The field of wireless communications has experienced huge growth in the last decades. Various new user applications have been developed, and the demand for efficient utilization of resources has increased considerably. Opportunistic scheduling schemes can provide higher throughput and increased quality-of-service (QoS) in wireless networks by giving priority to the users with favorable channel conditions.

In this dissertation, one of the main goals is to exploit the channel variations of the user channels to design the scheduling algorithms for improved throughput guarantees. Optimization problems are formulated with an aim at finding optimal scheduling algorithms for maximizing throughput guarantees in a wireless network. We show how the solution to such problems can be obtained both when the throughput guarantees are (i) identical and (ii) different for all the mobile users. We also develop the corresponding adaptive scheduling algorithms, both for the scenarios where single user is scheduled per time-slot and where multiple users are selected in each time-slot (e.g. in MIMO systems). The real-world systems based on MobileWiMAX, HSDPA, WINNER I and LTE are considered to analyze the proposed scheduling schemes. Results from simulations show that these algorithms can improve the throughput guarantees in modern cellular networks compared to other well-known scheduling algorithms. Another goal is to analyze the performance loss of such scheduling schemes in the case of imperfect channel information at the base station. We also suggest a rate back-off mechanism to reduce the outage probability in that case.
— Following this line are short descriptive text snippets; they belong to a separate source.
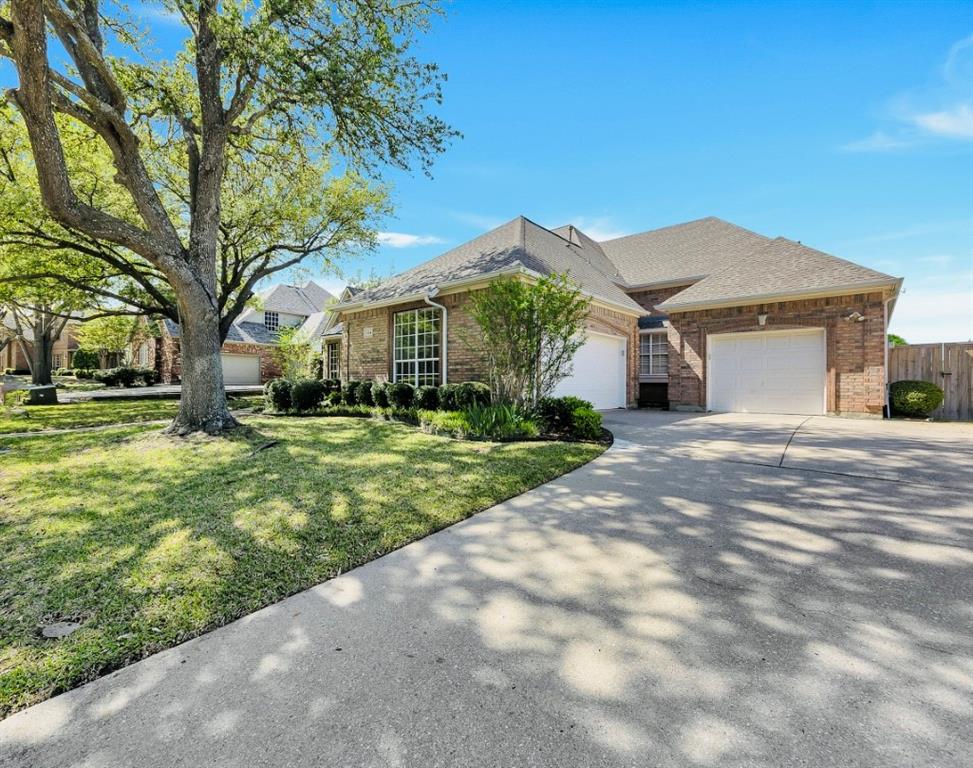 824 Parkwood Court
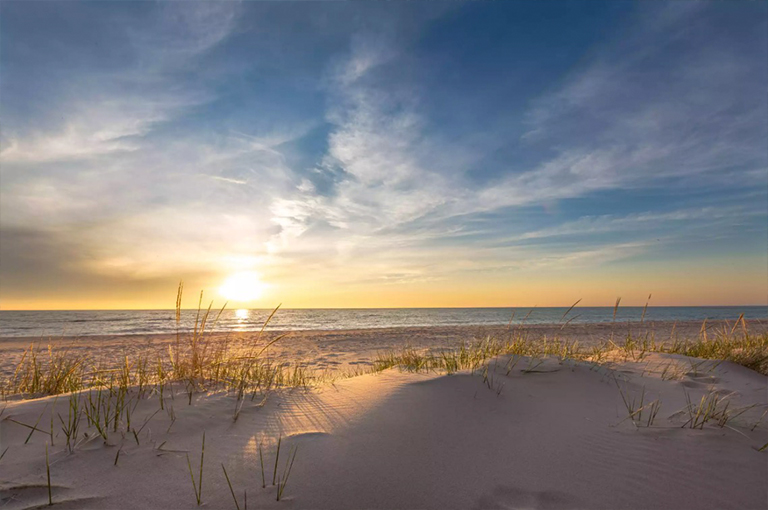 睡熊沙丘国家湖岸.jpg 睡熊沙丘国家湖岸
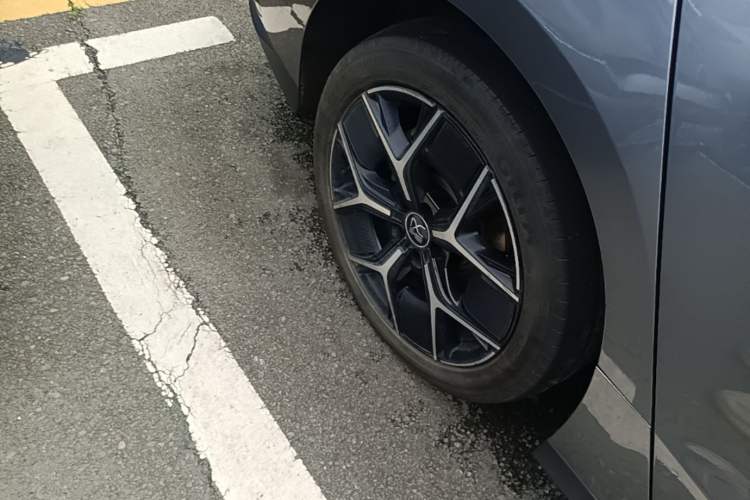 Used BYD Han 2024 EV Glory Edition 605KM Front-Wheel-Drive Premium Model Right Rear Wheel Hub
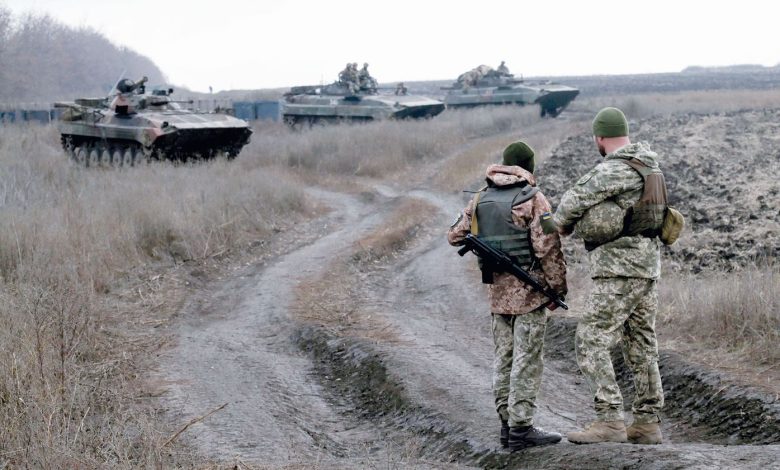 “واشنطن بوست”: موسكو تخطط لخلق “هجوم مزيف” كذريعة لغزو أوكرانيا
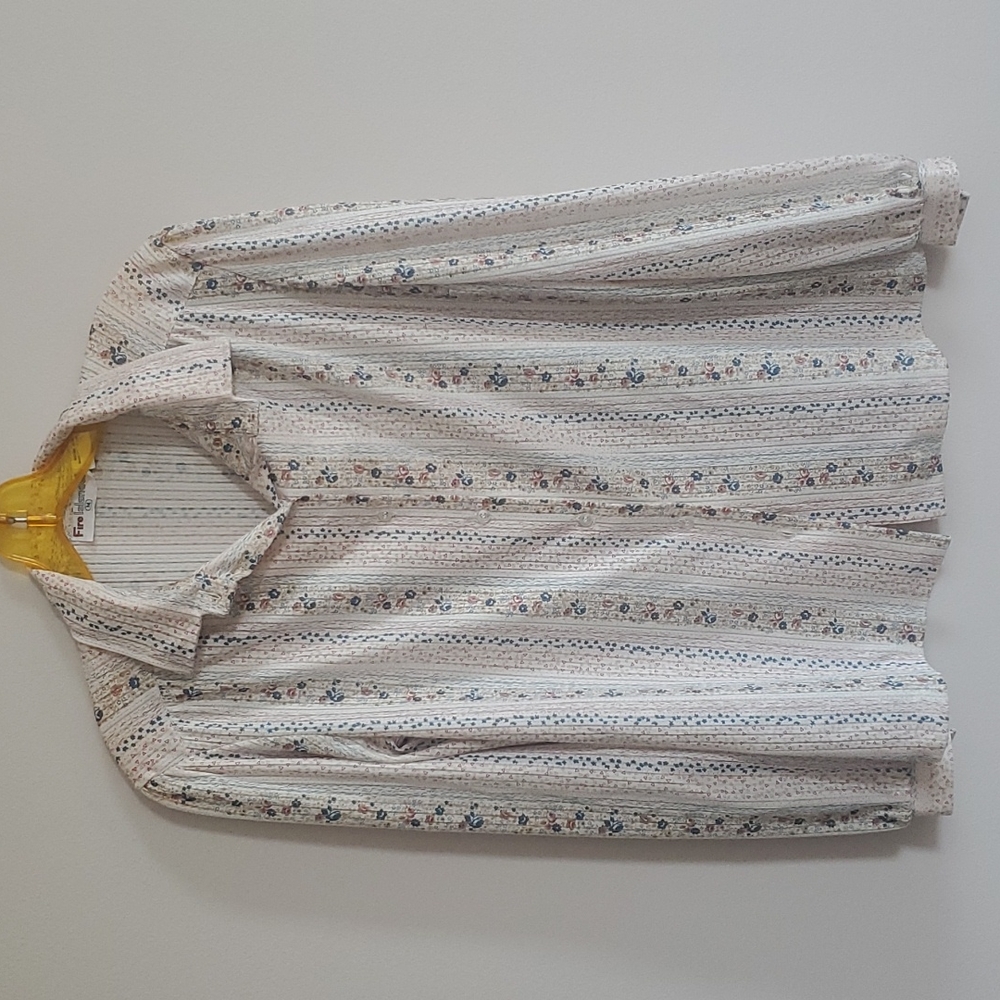 Long sleeve Hippie style shirt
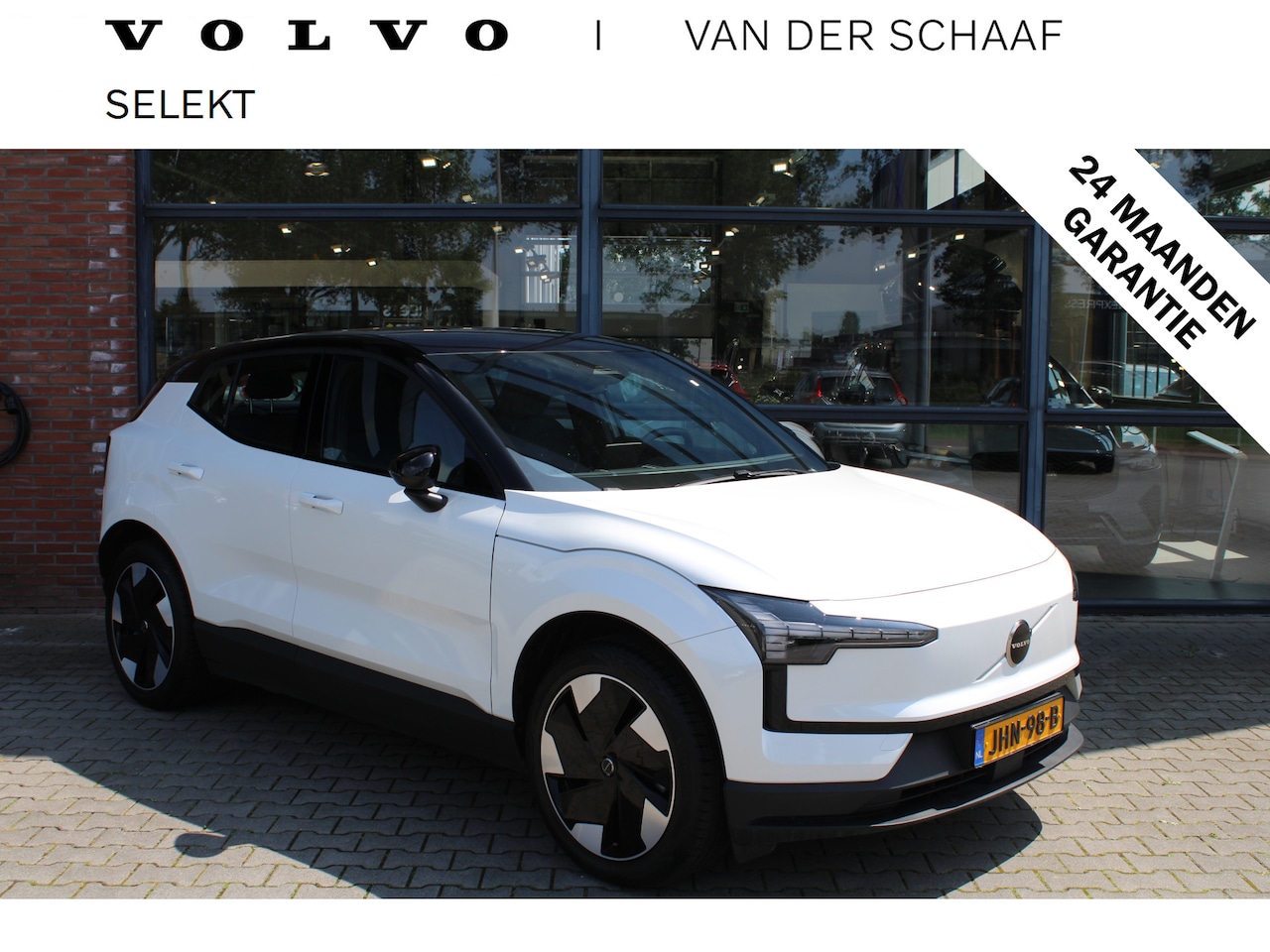 Volvo EX30 - ER Plus 69 kWh | Trekhaak | Stoelverwarming | All Season banden - AutoWereld.nl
Furthermore, we also propose an approximate expression for the throughput guarantee violation probability to analyze the performance of opportunistic scheduling algorithms without conducting experimental investigations. Such an expression can be very useful for the network providers.

Most of the research in joint bandwidth and power allocation for wireless multi-user networks has focused on continuous rate, power, and bandwidth allocations in the presence of perfect channel knowledge. However, this is not the case with practical systems. In this dissertation, we therefore also consider the issue of discrete power and bandwidth allocation for discrete-rate multi-user link adaptation with imperfect channel state information. To be more specific, we discuss how the system can be designed in such a scenario for (i) sum rate maximization and (ii) average power minimization in a multi-user setting. The results show that with only a few codes, we can approach the performance of systems that employ continuous (infinitely many) rates. We have also found that the correlation between predicted and actual values of the fading envelope affects the system in the sense that the sum rate is reduced and average power consumption is increased as the correlation is reduced.